Exercise prompt:
Pictures aside, please retype the whole listing word for word.

Available data:
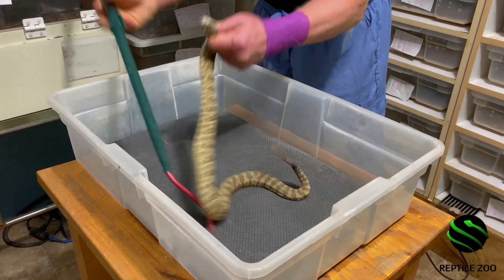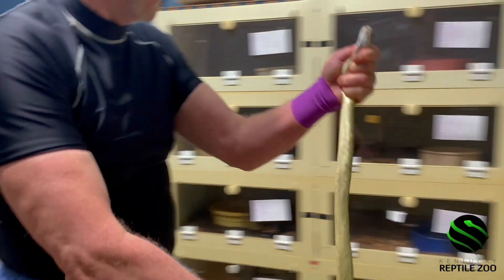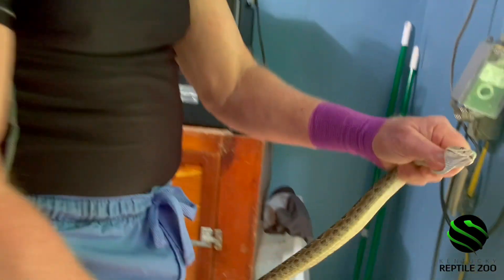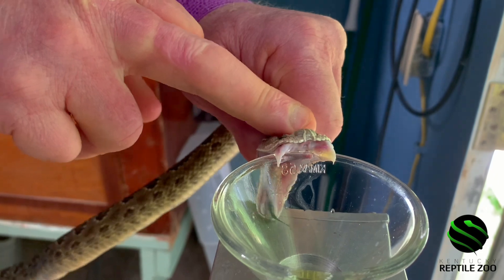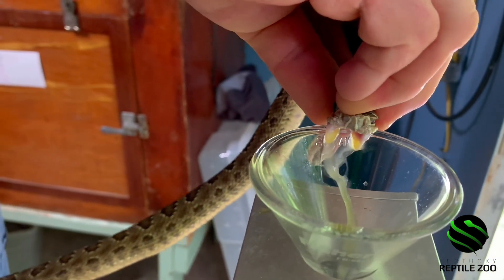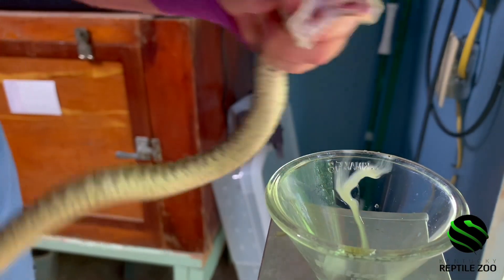I believe the males are on the bottom and the females are on the top. That's what I tried to do when I set it up — I don't know if they've been adjusted since then. It was half and half, or maybe four and six or something like that. This came from the retirement professor.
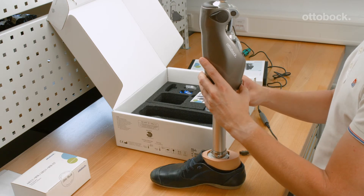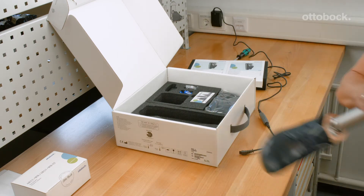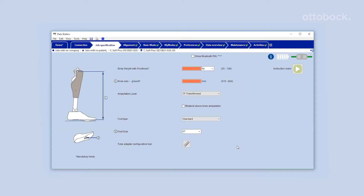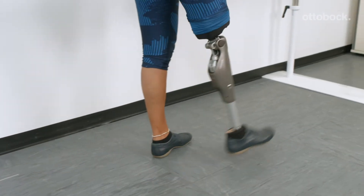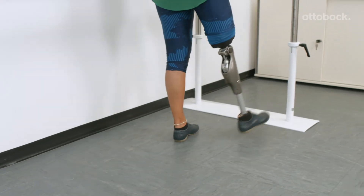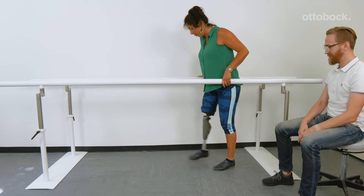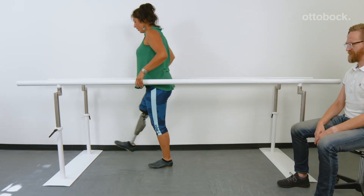To support the CPO in providing an optimal fitting, we have changed the factory default behavior of the SeaLake 4. It does not release into swing phase unless the necessary user data has been entered into SeaSoft Plus. The behavior shown here is not a malfunction of the SeaLake 4 — it indicates that the knee joint is still at the factory setting.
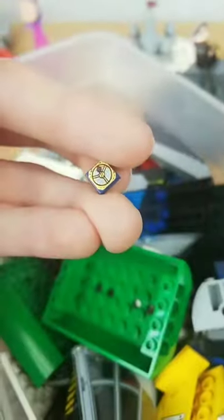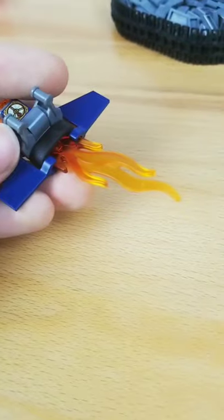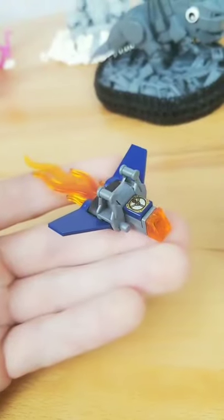I went through my printed parts and found this little guy. I added that piece right in the front, added a tire piece in the back, then fire — and here it is, my 10-piece LEGO ship.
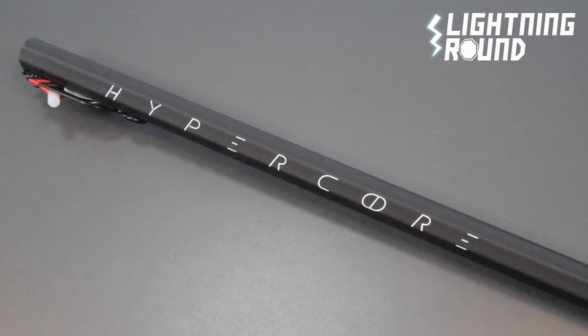Kyle here for SportsStop.com. We're going to do a lightning round video on the Maverick HyperCore shaft. The Maverick HyperCore shaft is the latest addition to the Maverick carbon shaft family.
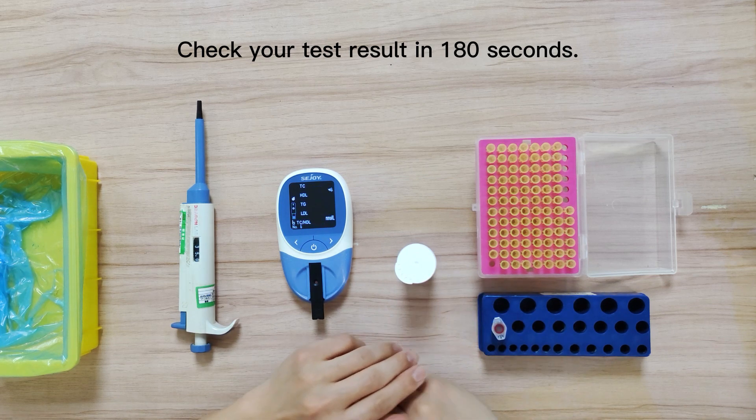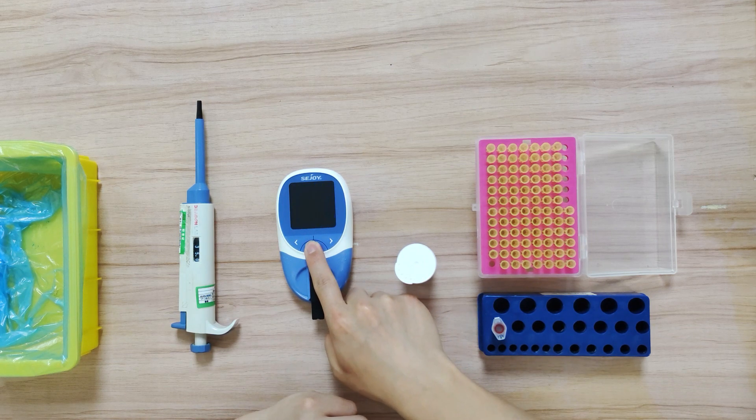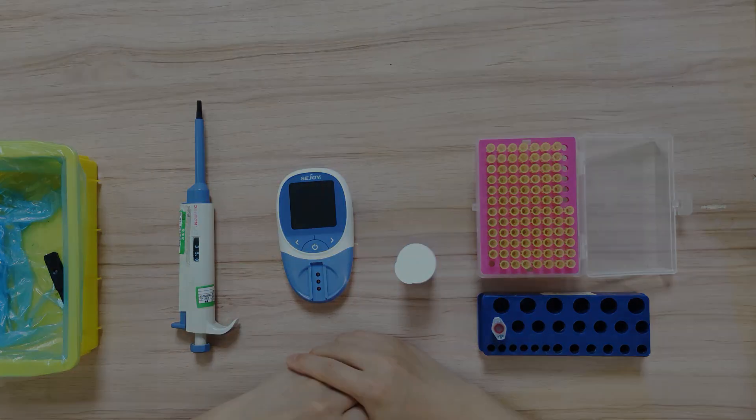Tests will be automatically stored in your meter. Pull out the used cartridge and quickly dispose of it.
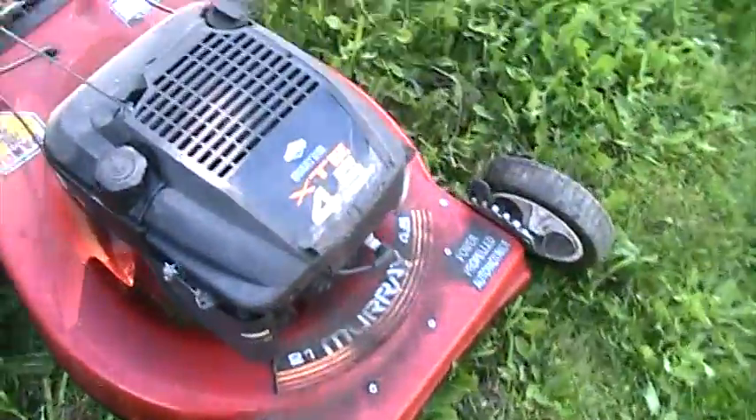Hey guys, back again on my neighbor's just in the back field, cutting the grass back here, and we're using a different lawnmower.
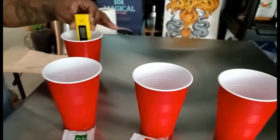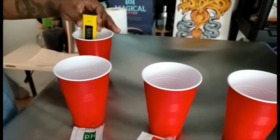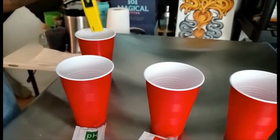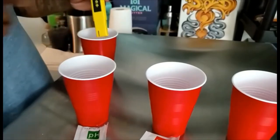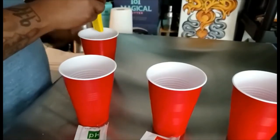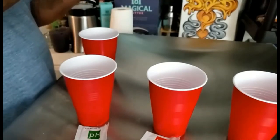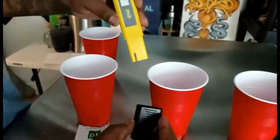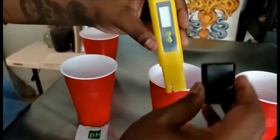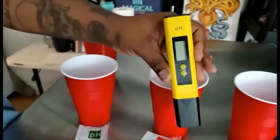Your pH tester is now calibrated and ready to go. As growers, whether you've been growing for one day or longer, you need to have your pH tester calibrated so it gives you the right reading. If you don't, there's a big chance your plants are going to be nitrogen deficient or have other deficiencies because your pH level is not correct.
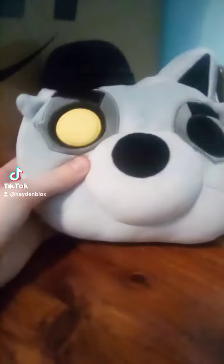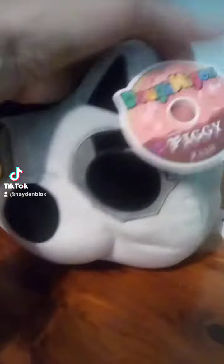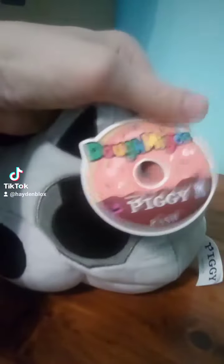Well, another piggy toy — you know what that means. Time to review it! Today I got the Rash Dominos — I still don't know how you say it. Do-me-goes? I like calling it Do-me-goes. But we got the Rash one.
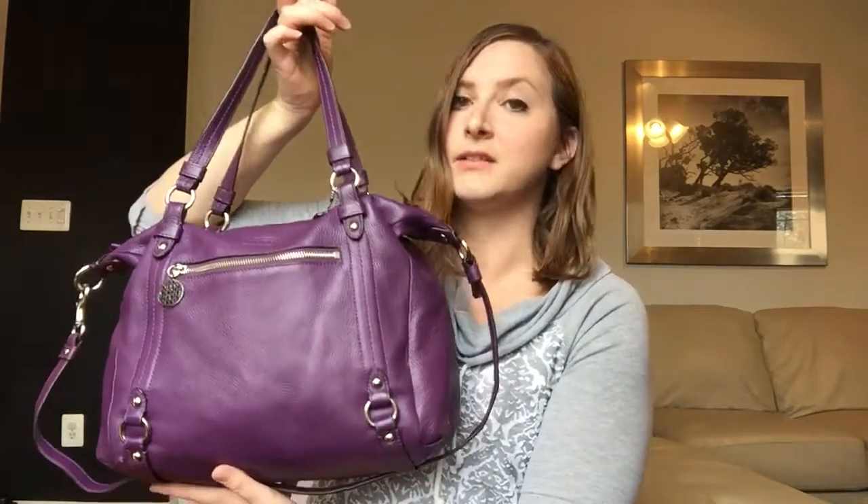Hi guys, so I got another new Coach bag that one of my friends suggested to me as a style I might like. It's called the Alexandra style and I got it in a beautiful purple color. My friend found this bag for me on eBay and it was a pretty good deal, so I thought it'd be a good way to try out the style and see if I like it.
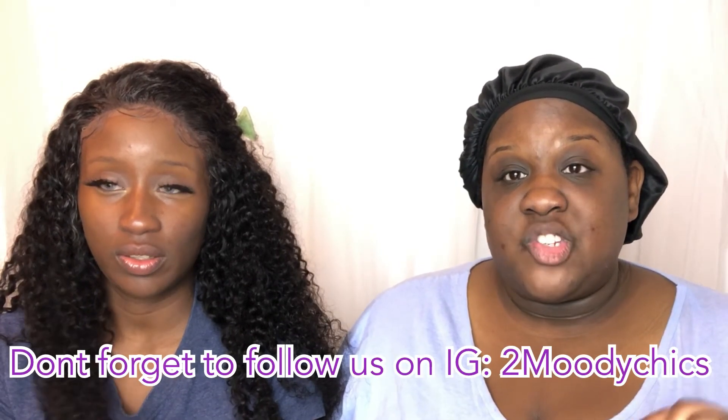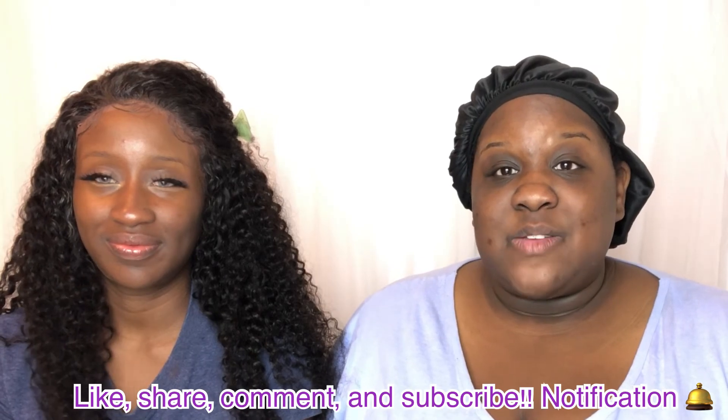Every time I take my makeup off I use their spin brush system, and I'll definitely be using this face mask more because my skin feels hydrated and fluffy — I can tell it put moisture and collagen back in. MixEasy is the company; links to the facial brush and MixEasy products are in the description below. Facial brush code: Two Moody Chicks for 70% off. MixEasy products code: Moody Chicks for 15% off. Thanks for watching — like, share, comment, subscribe, and we'll see you in the next video!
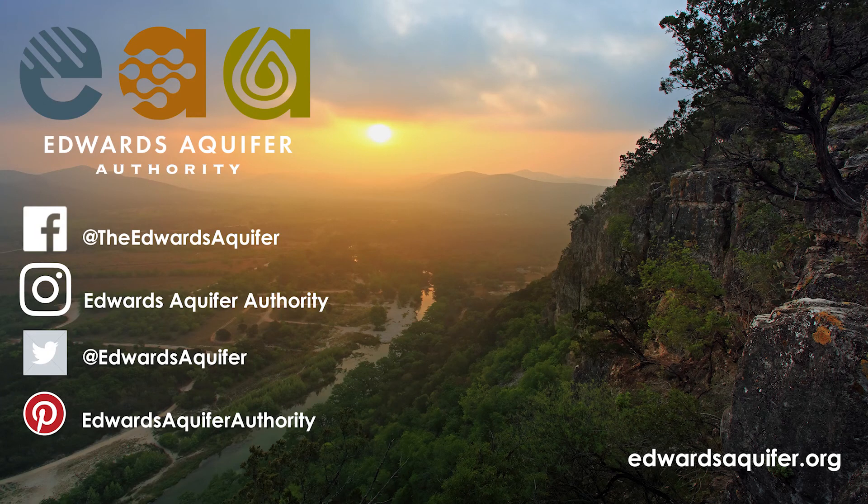Thanks for tuning in! Make sure to follow us on social media and to share your experience with the activity. Thank you!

Response below:
I believe the males are on the bottom and the females are on the top. That's what I tried to do when I set it up — I don't know if they've been adjusted since then. It was half and half, or maybe four and six or something like that. This came from the retirement professor.
To support the CPO in providing an optimal fitting, we have changed the factory default behavior of the SeaLake 4. It does not release into swing phase unless the necessary user data has been entered into SeaSoft Plus. The behavior shown here is not a malfunction of the SeaLake 4 — it indicates that the knee joint is still at the factory setting.
I went through my printed parts and found this little guy. I added that piece right in the front, added a tire piece in the back, then fire — and here it is, my 10-piece LEGO ship.
Kyle here for SportsStop.com. We're going to do a lightning round video on the Maverick HyperCore shaft. The Maverick HyperCore shaft is the latest addition to the Maverick carbon shaft family.
Tests will be automatically stored in your meter. Pull out the used cartridge and quickly dispose of it.
Hey guys, back again on my neighbor's just in the back field, cutting the grass back here, and we're using a different lawnmower.
Your pH tester is now calibrated and ready to go. As growers, whether you've been growing for one day or longer, you need to have your pH tester calibrated so it gives you the right reading. If you don't, there's a big chance your plants are going to be nitrogen deficient or have other deficiencies because your pH level is not correct.
Well, another piggy toy — you know what that means. Time to review it! Today I got the Rash Dominos — I still don't know how you say it. Do-me-goes? I like calling it Do-me-goes. But we got the Rash one.
Hi guys, so I got another new Coach bag that one of my friends suggested to me as a style I might like. It's called the Alexandra style and I got it in a beautiful purple color. My friend found this bag for me on eBay and it was a pretty good deal, so I thought it'd be a good way to try out the style and see if I like it.
Every time I take my makeup off I use their spin brush system, and I'll definitely be using this face mask more because my skin feels hydrated and fluffy — I can tell it put moisture and collagen back in. MixEasy is the company; links to the facial brush and MixEasy products are in the description below. Facial brush code: Two Moody Chicks for 70% off. MixEasy products code: Moody Chicks for 15% off. Thanks for watching — like, share, comment, subscribe, and we'll see you in the next video!
Thanks for tuning in! Make sure to follow us on social media and to share your experience with the activity. Thank you!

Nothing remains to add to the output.